# Map, Reduce, Filter


Lesson Goals

In this lesson you will learn all about:

    Mapping, reducing, and filtering in Python
    The apply function in pandas and how it relates to the Python functions above

Introduction

Mapping, and filtering are important concepts in functional programming. These concepts come up in other distributed programming frameworks and exist in Python as well. In this lesson we will expand on the functional programming concepts we have learned in previous lessons and apply these concepts using mapping, reducing, and filtering.
Functional Programming Recap

As we have learned in previous lessons, functional programming is a programming paradigm where code is written in such a way that avoids mutability or sharing state. Operations are performed by passing data through functions and storing the result in a new variable.
Immutability

An immutable object is an object that cannot be changed after it is created. By sticking with functional programming, we ensure that no two processes will modify the same data. Instead, when each function modifies the data, it will then store the resulting data in a new variable.
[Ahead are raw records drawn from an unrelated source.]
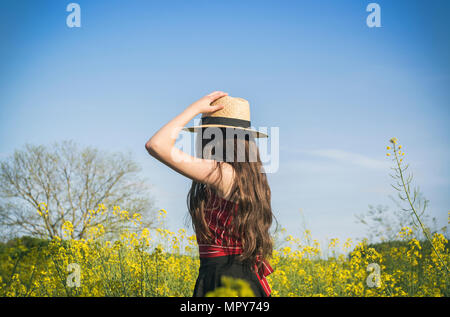 Side view of teenage girl wearing hat en se tenant sur le field au cours de journée ensoleillée Banque D'Images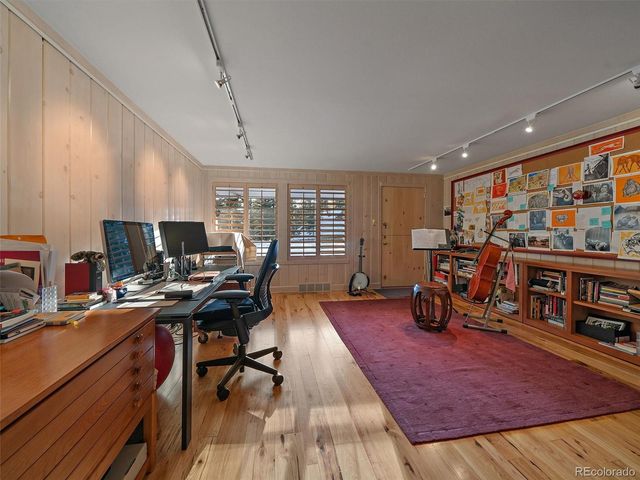 a workspace with furniture water view and a large window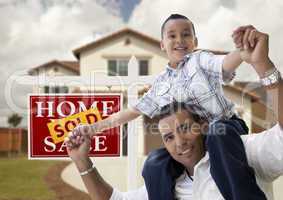 Hispanic Father and Son in Front of House, Sold Sign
This results in cleaner, safer and easier to read code.
Transforming State

When writing functionally, we can think of a function as a mapping from input to output. An example of shared state is a computer game where we have multiple characters moving on the screen. Moving one character might affect another character, even unintentionally. With functional programming, this is not a concern for us.
Mapping

The goal of using the map() function is to apply a function to a sequence (like a list or a set). The map() function takes a function as an argument as well as a sequence and returns a sequence with the function applied to every element in the sequence. For example, let's create a function that divides a number by 2 and returns the result. 

In [1]:
def half(x):
    return x / 2

Now that we have our function, let's apply it to a list of numbers.



In [2]:
l = [10, 12, 34, 23]
map(half, l)

<map at 0x7fcb1457a5f8>

The map() function creates a map object which is an iterable object. To create a new list, one option is to convert the iterable into a list. 

In [3]:
list(map(half, l))

[5.0, 6.0, 17.0, 11.5]

Similarly, we can cast the iterable into a set.


# Filtering

Like the map() function, the filter function takes a function and a sequence and returns an iterable. The goal of this function is to use the function we pass to it to remove elements from our sequence. Our function should return true for all the elements we want to keep and false for the ones we want to remove. For example, we can create a function that returns true if a number is odd and false if it is even. In fact, let's use a lambda expression for this task.



In [4]:
filter(lambda x: x % 2 == 1, l)

<filter at 0x7fcb1457a588>

Again, this returns an iterable, so we will cast it to a list.

In [5]:
list(filter(lambda x: x % 2 == 1, l))

[23]

# Reducing

While the map() function applies the function to each element in the sequence, sometimes we might want to apply a function that will aggregate all elements in the sequence. There are built-in examples in Python for this like the max() function or the sum() function. The reduce() does exactly this. This function is not standard in Python and needs to be imported from the functools library. The reduce function starts from the beginning of the sequence and operates on two elements at a time. This is why the function passed to reduce() should always take two elements and return one.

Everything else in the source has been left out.